(Short web captions)

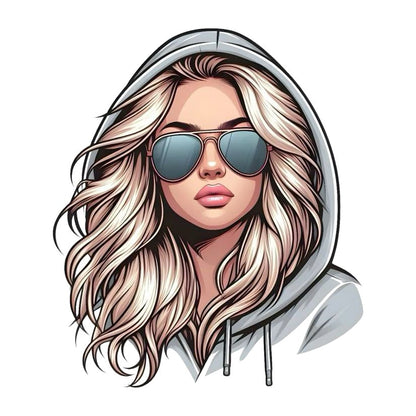 Blonde Girl in Hoodie Premium Vinyl Stickers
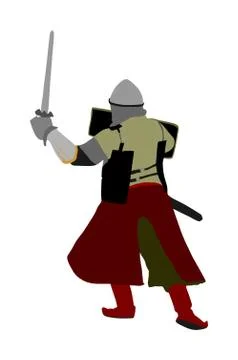 Knight in armor with sword and shield vector isolated イラスト素材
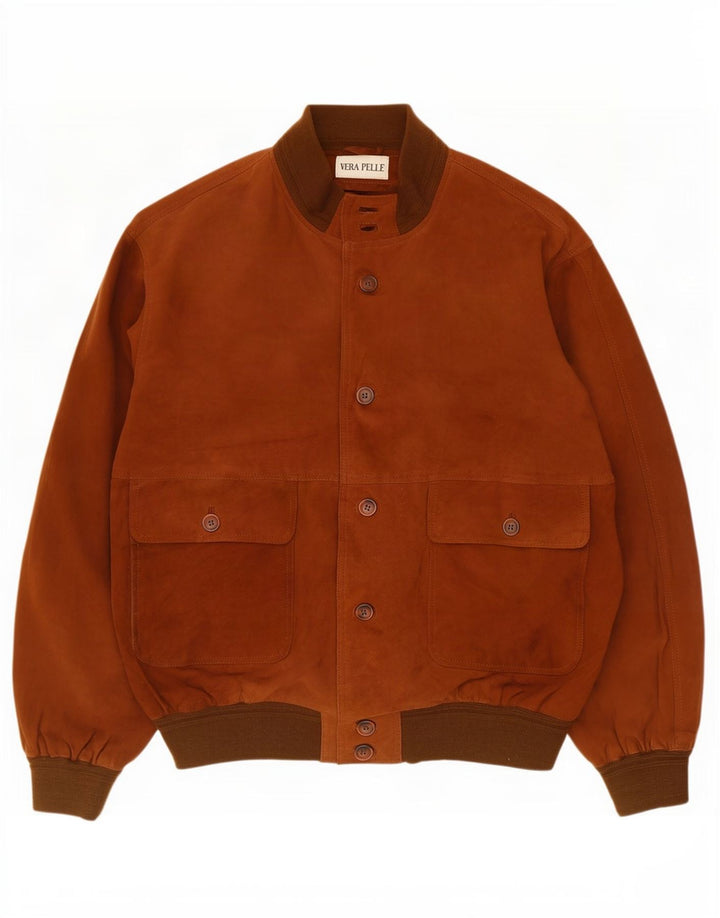 Vintage herre ruskind bomberjakke UK 42 XL brunt læder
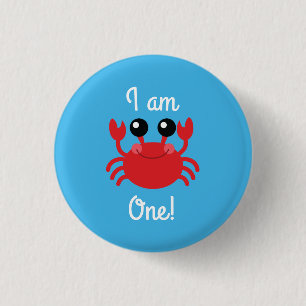 Badge Rond 2,50 Cm Sous le crabe de mer 1er Anniversaire Bouton Pin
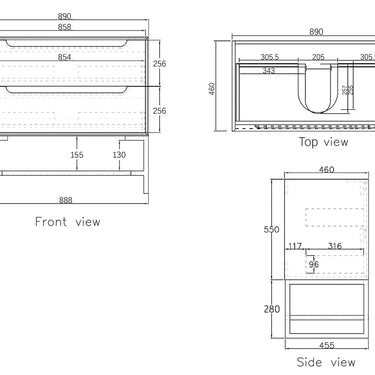 Otti | Byron 900mm Black Oak Wall Hung Vanity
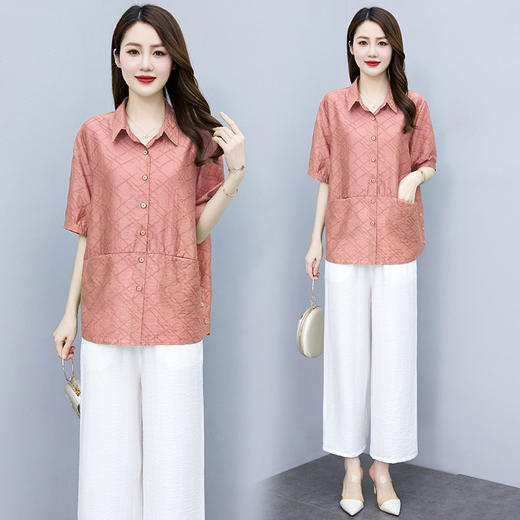 气质时尚，纯色复古文艺风纯色短九分裤套装外穿宽松两件套HR-WQ230539 商品图2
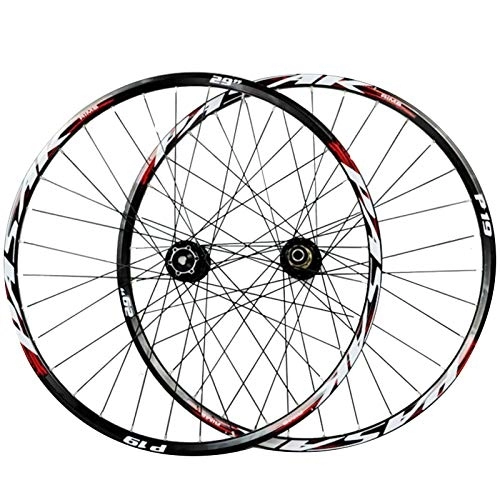 Mountain Bike Wheel : 26 / 27.5 / 29" Rear Wheel Bicycle, Front 2 Rear 4 Bearings Disc Brakes 7 / 8 / 9 / 10 / 11 Speed Mountain Bike Quick Release Wheel (Color : Black hub, Size : 29inch)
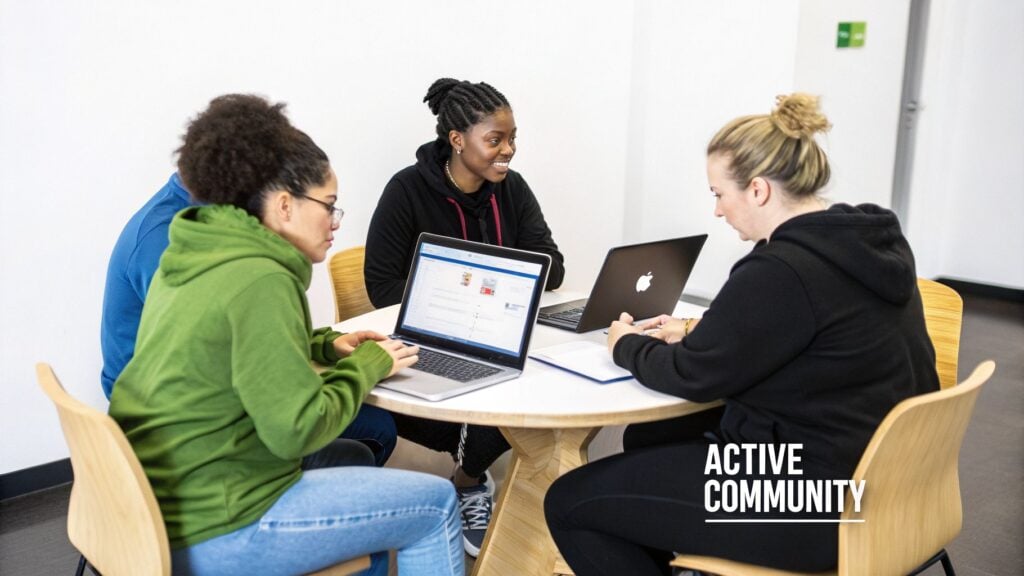 Diverse group of students working together on laptops at a round table, fostering community.
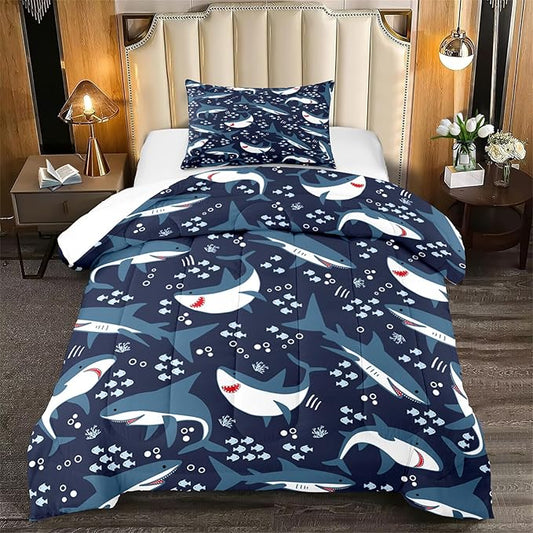 Shark Twin Comforter Set for Boys - 2Pcs Boys Sharks Bedding Set Twin Size Shark Print Comforter Set for Kids Boys Sea Animals Pattern Bedding Set for Bedroom, 1 Comforter with 1 Pillowcases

*INSTRUCTIONS TO FOLLOW*
Copy each entry exactly as written. Images should not appear in the copy.

*EXERCISE ANSWER*
 Blonde Girl in Hoodie Premium Vinyl Stickers
 Knight in armor with sword and shield vector isolated イラスト素材
 Vintage herre ruskind bomberjakke UK 42 XL brunt læder
 Badge Rond 2,50 Cm Sous le crabe de mer 1er Anniversaire Bouton Pin
 Otti | Byron 900mm Black Oak Wall Hung Vanity
 气质时尚，纯色复古文艺风纯色短九分裤套装外穿宽松两件套HR-WQ230539 商品图2
 Mountain Bike Wheel : 26 / 27.5 / 29" Rear Wheel Bicycle, Front 2 Rear 4 Bearings Disc Brakes 7 / 8 / 9 / 10 / 11 Speed Mountain Bike Quick Release Wheel (Color : Black hub, Size : 29inch)
 Diverse group of students working together on laptops at a round table, fostering community.
 Shark Twin Comforter Set for Boys - 2Pcs Boys Sharks Bedding Set Twin Size Shark Print Comforter Set for Kids Boys Sea Animals Pattern Bedding Set for Bedroom, 1 Comforter with 1 Pillowcases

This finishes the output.